I want to talk about deploying Azure Data Factory using https://aka.ms/avm Azure Verified Modules, covering the differences and challenges associated with deploying and operating your Data Factory infrastructure vs the actual inner workings of the data factory and the lifecycle of those components.

The takeaway from this article is to always keep your operational components outside of Infrastructure code

For a SQL server for example, you can have IaC that deploys the server, and then you have Visual Studio database solution that can create the databases (or you can use iac for that) but most importantly, you only build your SQL tables, stored procedures, views, schemas and indexes and primary keys and so in the database solution.

In Data Factory, you can have various operations and components such as pipelines, data sets, data flows, linked services, integration runtimes, managed private endpoints, and more. These can be seen as different operational components within Data Factory.

Default stuff that gets deployed with bare bones Factory

AutoResolveIntegrationRuntime - this is an azure hosted integration runtime. Used to link to other Azure resources like Storage Accounts.
Uhh, that’s it. Just an empty data factory. No linked services, piplelines or anything. You have to create it. BUT WHERE DO WE DO THAT?

Lets say you wanted to have an Integration Runtime that operated on a Managed Virtual Network that can support private endpoints.

Where do you do that? In Infrastructure as code?

No. Do it in the factory itself, BUT first connect it to Git. See below on how to do create an Azure Integration Runtime with MVN (Managed virtual network)

Be sure to enable the virtual network

There is an important advantage to this, firstly your infra guys don’t need to worry about building an integration runtime that has a managed virtual network, you can leave that to the data factory developers who will do it with the git code enabled on the factory, and this will help to keep it all in code and deployable.

Here is public GitHub repository I created that describes everything in this blog.

The Problem

As we have discussed, the decision to code your pipelines, managed private endpoints, linked services needs to come early on. Will you use the bicep templates to do this? Or will you let the devleopers create these components inside the factory with the git mode activated?

The answer is to let your ADF developers do it in the factory and then utilise DevOps to build and release the Factory (which emulates the “Publish” button on the Factory)

I am hoping this diagram helps to describe what the factory will look like if you did code some pipelines and global parameters in your IaC.

If you are in the Factory and you switch over to the Git Mode you will find that the factory looks like this, and you might ask WHY!?

Do you see how different they look? (look at the factory images on the right hand side, different number of pipelines etc)

This is because the factory in the LIVE mode shows what it is in the the IaC and the factory in the GIT mode is what is in the /adf-dev folder (see my github page for more info -> GitHub repository)

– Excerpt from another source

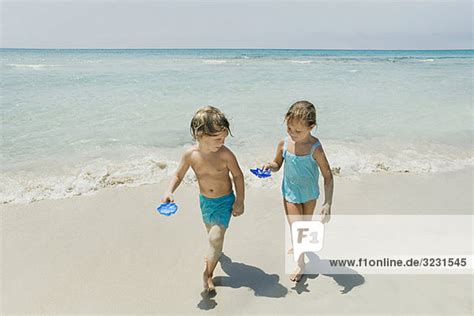 Junge Und Mädchen Spielen Am Strand Lizenzfreies Bild Bildagentur F1online 3231545 Free Hot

How to go about building it the correct way

To get started with AVM, go to http://aks.ms/avm and select the Data Factory module. Follow the instructions provided. For example, when working with large parameter data sets, you’ll find integration runtimes, managed private endpoints, and global parameters included, but beware because this can lead you down the wrong path.

Don’t code your data factory operations in IaC. What are operations? Anything that is specific to a particular business problem that you are trying to solve. Pipelines solve specific business problems and you can have 1-100’s of pipelines in one factory.

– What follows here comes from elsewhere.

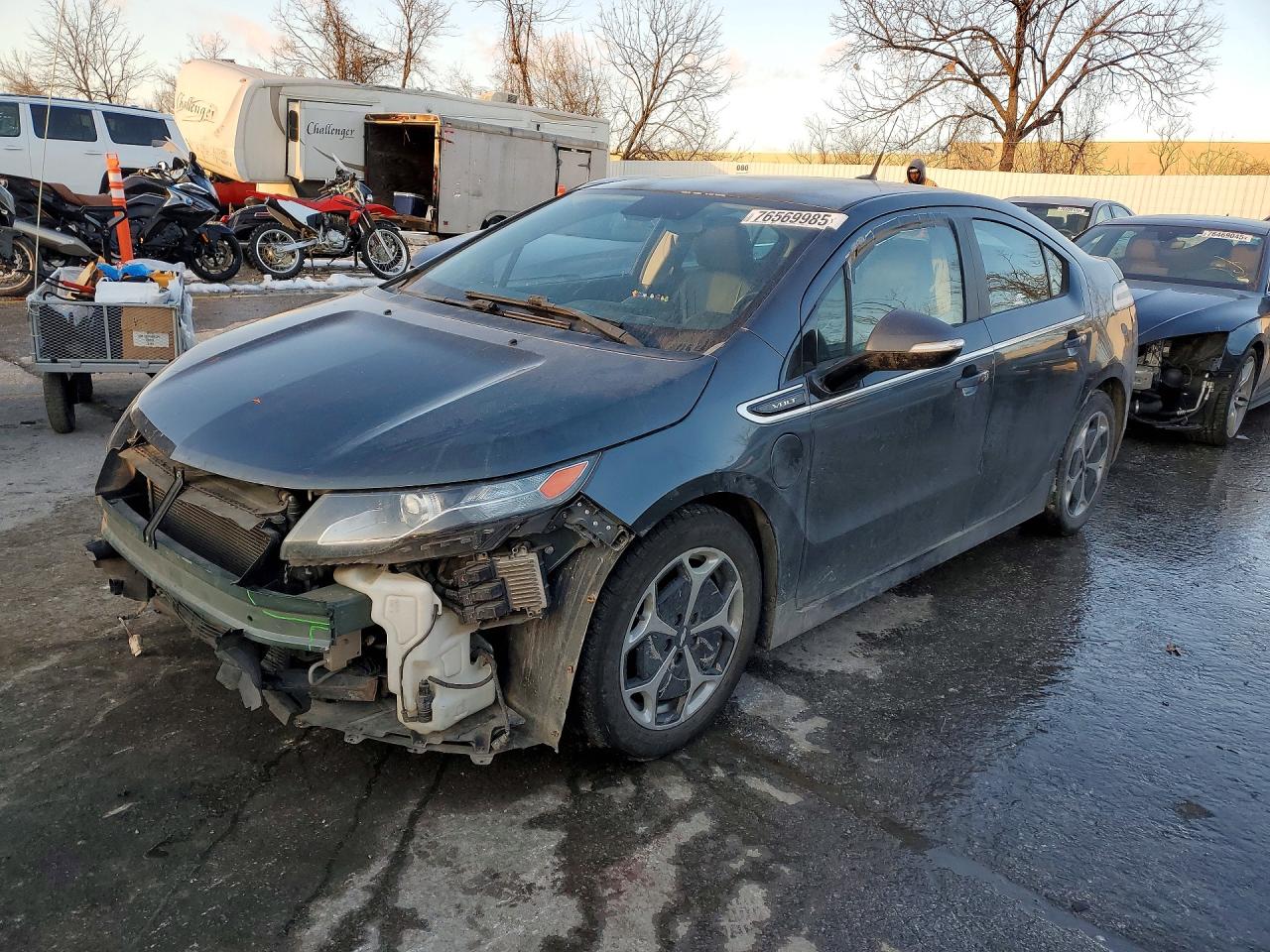 Salvage Chevrolet Volt Image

Pipelines need datasets, and datasets need linked services and linked services need integration runtimes. Do this all in the Data Factory in the Git mode (or if you are brave enough or tech geeky, code it in Json in the git location folder that is connected to your Factory)

Factory Settings on the other hand are for the entire factory, not to solve specific and different business problems such as ETL processes or data wrangling.

DevOps build and Release

Use DevOps CI/CD to manage the lifecycle of your Data Factory. Don’t use the Publish button, but rather use NPM packages to build your data factory ARM template and then release it, all with DevOps or with GitHub actions. A great article for this is here

Remember, if an infrastructure team member adds anything to your Data Factory that isn’t in the Git folder, and you run your DevOps pipelines, it won’t be deployed to the Live Factory. This highlights the importance of maintaining consistency between your Git repository and the live Data Factory.

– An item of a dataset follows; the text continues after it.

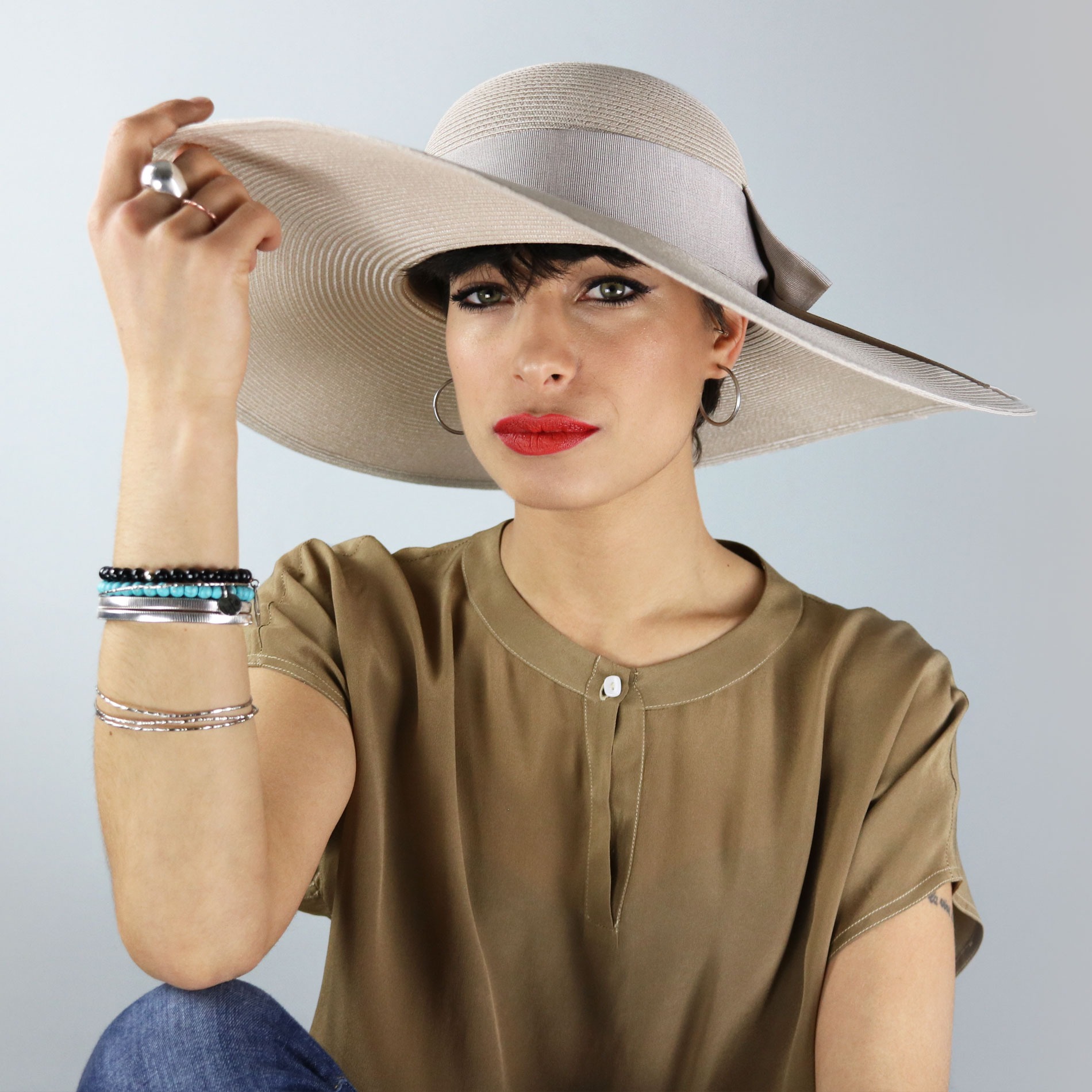 Large brimmed hat, elegant and chic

After you have built and released, this is what your factory will look like

Another valid option is to use “Import” after first successful IaC deployment

If your live factory has parameters or pipelines that aren’t reflected in Git, you can use the Import resources feature in Git configuration tab to import from the live factory to Git. This ensures your Git repository matches your live Data Factory.

To summarize, deploying Data Factory using infrastructure as code requires careful synchronization between Git and the live environment. Always ensure that changes made in the live factory are reflected in Git to avoid discrepancies.

I hope this clarifies the deployment process and addresses some common issues. Thank you for reading!